Batch Inference for Higher Throughput

Processing requests one at a time leaves GPU utilization low. Batch them together.

import asyncio
from collections import deque

batch_queue = deque()
BATCH_SIZE = 8
BATCH_TIMEOUT = 0.05  # 50ms

async def batch_processor():
    while True:
        await asyncio.sleep(BATCH_TIMEOUT)
        if not batch_queue:
            continue
        batch = []
        while batch_queue and len(batch) < BATCH_SIZE:
            batch.append(batch_queue.popleft())
        
        # Batch inference
        prompts = [item["prompt"] for item in batch]
        inputs = tokenizer(prompts, return_tensors="pt", padding=True).to(model.device)
        with torch.no_grad():
            outputs = model.generate(**inputs, max_new_tokens=256)
        
        for i, item in enumerate(batch):
            text = tokenizer.decode(outputs[i], skip_special_tokens=True)
            item["future"].set_result(text)

@app.on_event("startup")
async def start_batch_processor():
    asyncio.create_task(batch_processor())

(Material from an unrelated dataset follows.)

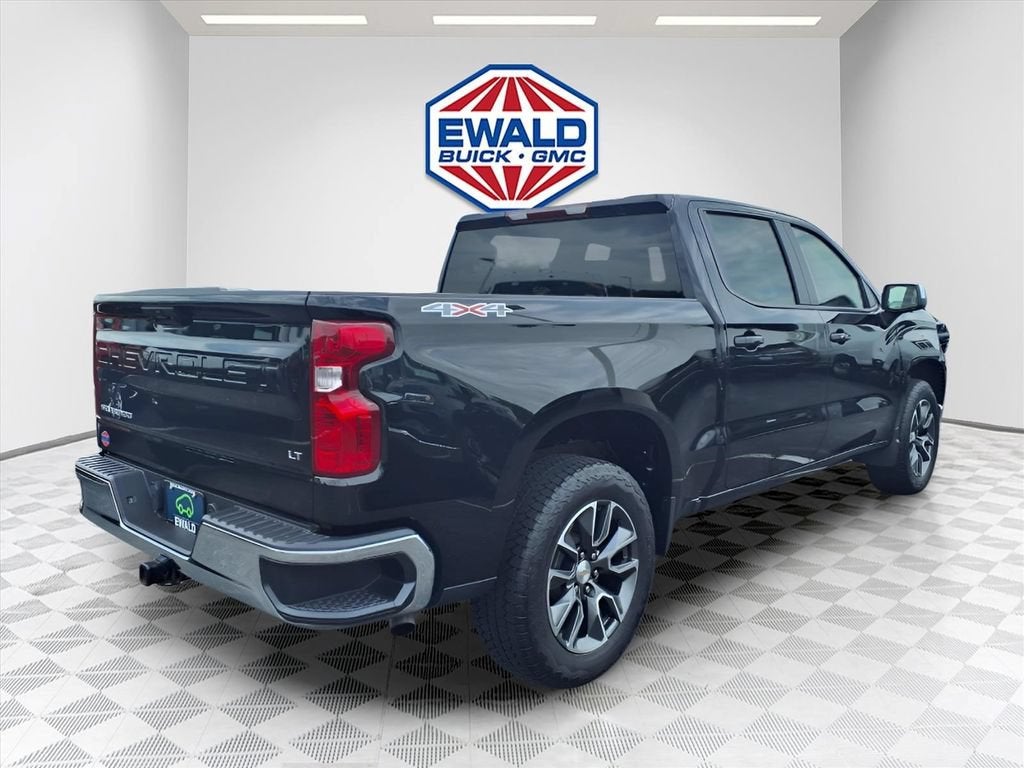 2024 Chevrolet Silverado 1500 LT (2FL)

Timeout and Error Handling

import asyncio
from fastapi import HTTPException

@app.post("/infer")
async def infer(req: InferRequest):
    try:
        result = await asyncio.wait_for(
            run_inference(req),
            timeout=30.0  # 30-second timeout
        )
        return result
    except asyncio.TimeoutError:
        raise HTTPException(status_code=504, detail="Inference timeout")
    except torch.cuda.OutOfMemoryError:
        torch.cuda.empty_cache()
        raise HTTPException(status_code=503, detail="GPU OOM, retry later")

Health Check Endpoint

@app.get("/health")
async def health():
    gpu_available = torch.cuda.is_available()
    gpu_memory = {}
    if gpu_available:
        gpu_memory = {
            "allocated": f"{torch.cuda.memory_allocated() / 1e9:.2f}GB",
            "reserved": f"{torch.cuda.memory_reserved() / 1e9:.2f}GB",
        }
    return {
        "status": "ok",
        "model_loaded": model is not None,
        "gpu": gpu_available,
        "gpu_memory": gpu_memory,
    }

Kubernetes Deployment

apiVersion: apps/v1
kind: Deployment
metadata:
  name: ai-server
spec:
  replicas: 2
  template:
    spec:
      containers:
      - name: ai-server
        image: your-registry/ai-server:latest
        resources:
          limits:
            nvidia.com/gpu: 1
            memory: "16Gi"
          requests:
            nvidia.com/gpu: 1
            memory: "12Gi"
        livenessProbe:
          httpGet:
            path: /health
            port: 8000
          initialDelaySeconds: 120  # Allow time for model loading
          periodSeconds: 30

Running the Server

# Development
uvicorn main:app --reload --host 0.0.0.0 --port 8000

# Production (workers=1 recommended — GPU memory sharing issues)
uvicorn main:app --host 0.0.0.0 --port 8000 --workers 1

# Or gunicorn + uvicorn worker
gunicorn main:app -w 1 -k uvicorn.workers.UvicornWorker --bind 0.0.0.0:8000

Warning about workers > 1 in production: Each worker occupies GPU memory independently.
Scale horizontally by replicating Pods, and keep each Pod at workers=1.